Within the entries below, output exactly the lines between the line containing "Mysteriöse Spuk Schaufenster" and the line containing "Ciężarówka wywróciła się", inclusive, and omit any picture.

**Provided material**:
----------

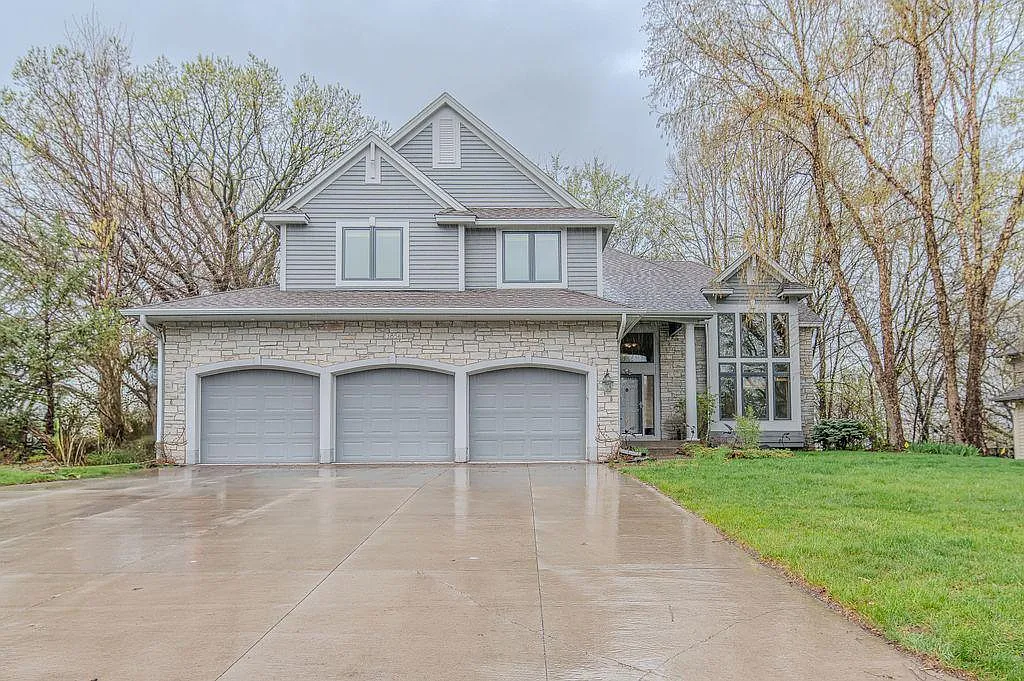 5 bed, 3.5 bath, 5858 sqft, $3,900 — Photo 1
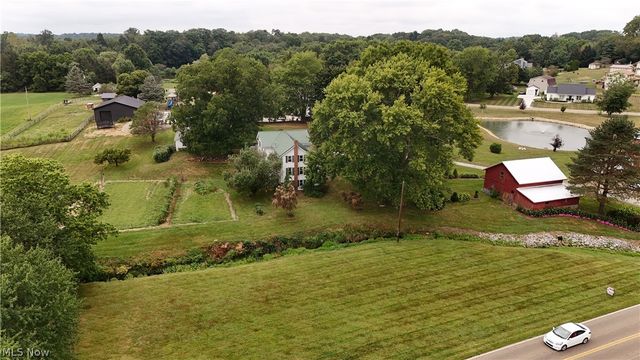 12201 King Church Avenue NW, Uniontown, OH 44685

----------

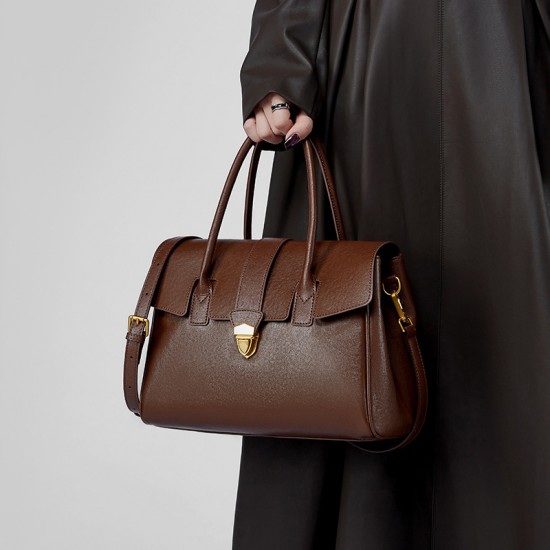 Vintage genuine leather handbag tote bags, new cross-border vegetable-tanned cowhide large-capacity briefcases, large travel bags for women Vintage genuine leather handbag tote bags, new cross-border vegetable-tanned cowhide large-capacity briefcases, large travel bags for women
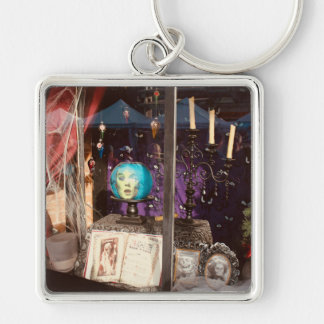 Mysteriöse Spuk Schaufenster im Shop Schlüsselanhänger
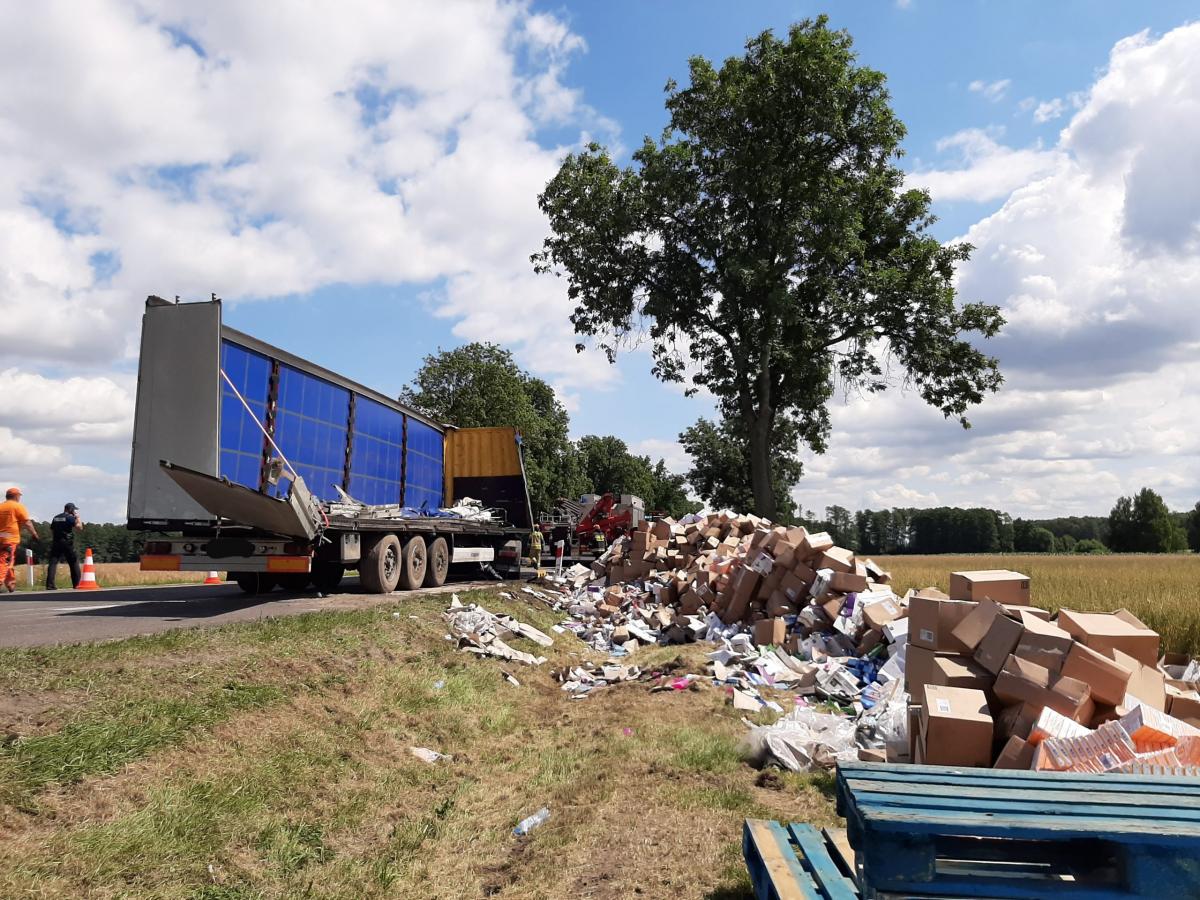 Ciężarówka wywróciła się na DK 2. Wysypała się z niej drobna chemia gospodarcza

----------

**Answer box**:
 Mysteriöse Spuk Schaufenster im Shop Schlüsselanhänger
 Ciężarówka wywróciła się na DK 2. Wysypała się z niej drobna chemia gospodarcza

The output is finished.